June 8, 2010
This 2-disc DVD gives the lie to the notion that opera can remain relevant only if the setting is updated to contemporary times. Pier Luigi Pizzi’s historically based, thoroughly modern sets, costumes, and direction for this 2009 production of Claudio Monteverdi ’s Il ritorno d’Ulisse in patria at Teatro Real, Madrid, are so compelling, and the authentic instrument performance by William Christie and Les Arts Florissants is so alive and colorful, that an opera first performed 369 years ago resounds with life and feeling.

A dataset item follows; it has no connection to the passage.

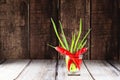 Red hot chilli peppers and green onions in glass of water Royalty Free Stock Photo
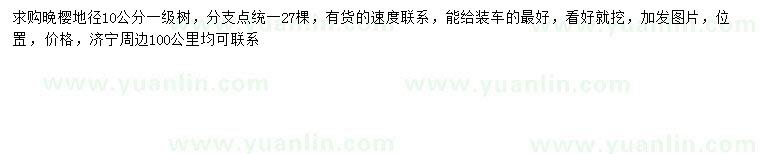 求購地徑10公分晚櫻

As intelligently directly by Matteo Ricchetti for this Dynamic DVD, Jonathan Cable’s new edition of the opera unfolds on a round stage that connects the players to musicians and audience by means of a long, wide stairway that descends from the front of the stage. The sets are sparse — a single bare tree, rocks, a gray sky, an unadorned barge that arises at appropriate moments — and the simple, draping costumes arrest the eye by exploiting the contrast between off-white, gray, black, and royal red and blue. They also exploit the flesh, with several performers, notably the handsome Ed Lyon (singing the role of Eurimaco/Glove) and near–diaper clad Terry Wey (Human Fragility), showing more than enough to keep the eye occupied.
Listen to the Music
Casting pays equal attention to singing and acting capabilities. Here Pizzi and Christie show their expertise, choosing artists who not only easily negotiate early music’s ornate figures and embellishments, but also look and move their parts. Everything comes together with images so iconic as to drive the compelling humanity of the story deep into the heart.
Heading the cast is bearded tenor Kobie van Rensburg (Ulisse). While he can certainly sing sweetly at lower volumes, van Rensburg intentionally pushes the voice at key moments, allowing it to grow a bit grainy and gruff for dramatic effect. The sacrifice pays off, as the depth of his characterization evokes empathy for the suffering of the long-exiled king.
Equally moving is the dry, touching mezzo-soprano of Christine Rice (Penelope), who portrays the loyal spouse who never abandons hope or betrays her marriage vows. As their son, Cyril Auvity (Telemacco) sings in a sweeter tenor, and jumps about the stage with the energy of youth. (Roberto Maria Pizzuto’s choreography is quite effective.) The other characters, from Penelope’s seductive maid to Iro the glutton, both look and sound their parts.
Intelligently edited interviews with Rice, van Rensburg, and Christie cast further light on the production. Rice speaks of ample rehearsal time, and how Christie began preparations by having the singer/actors declaim rather than sing the words. This made especial sense for the character of Penelope, whom Monteverdi restricts almost entirely to recitative for dramatic effect. Van Rensburg stresses the “wonderful humanity” of the characters, and notes that Monteverdi writes so skillfully that he even succeeds in holding interest as five tenors appear together onstage. And Christie explains that, instead of waving a baton, he welcomed the opportunity to play keyboard and allow the musicians to conduct and improvise as they saw fit.
As the Berkeley Festival and Exhibition is set to supplement the seasons of Philharmonia Baroque, American Bach Soloists, and Magnificat with an intense week of some of the finest early-music performances available in this country, this DVD serves as a model of what an intelligent approach to early music can achieve. Bravo.